Better food for school kids? Not so hard to swallow…
Here’s some sweet news: A survey by the federal Centers for Disease Control and Prevention (CDC) confirms that salty, fat-filled snacks and soft drinks bubbling with sugar and empty calories no longer are available in an increasing number of public secondary schools across the United States.
The latest CDC School Health Profiles Survey, conducted every two years since 1994 to assess national school health practices, shows that from 2002-2008, the number of schools in which candy and salty, fatty snacks were not available to students increased in 37 of 40 reporting states. In the two-year period ending in 2008, the median percentage of schools not offering those kinds of snack foods increased from 46 percent to 64 percent.

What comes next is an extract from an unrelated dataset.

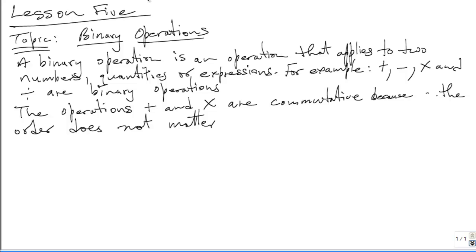Hello, this is lesson 5 and the topic is Binary Operations. Your tutor is Asset Hestole. A binary operation is an operation that applies to two numbers, quantities or expressions. For example, Plus, Minus, Multiplication and Division are binary operations.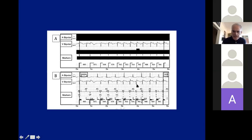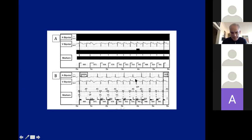This was actually VT, illustrating that the electrogram morphology can be very similar. But if you look at the atrial channel on top, you can see that there is AV dissociation. This illustrates that the atrial electrogram is actually very helpful.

During that same two-year span, the number of schools where soda pop or fruit drinks featuring less than 100 percent juice weren’t available increased in all 34 participating states. The median percentage of schools not offering such drinks rose from 38 percent to 63 percent.

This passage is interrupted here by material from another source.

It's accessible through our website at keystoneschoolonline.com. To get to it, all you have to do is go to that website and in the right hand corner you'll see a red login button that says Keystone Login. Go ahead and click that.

In New York, 59.4 percent of 352 schools participating in the 2008 survey reported that students couldn’t buy candy or salty snacks from vending machines, school stores, canteens or snack bars. That number was up from 35.6 percent in 2004. New York figures for 2006 weren’t available.
The survey urges district officials and educators to boost their efforts to eliminate the availability of less nutritious foods and beverages at schools, a position supported by the American Heart Association. In response to the CDC survey, association president Dr. Clyde Yancy told USA Today: “What kids do in school in large measure dictates what they do away from school.”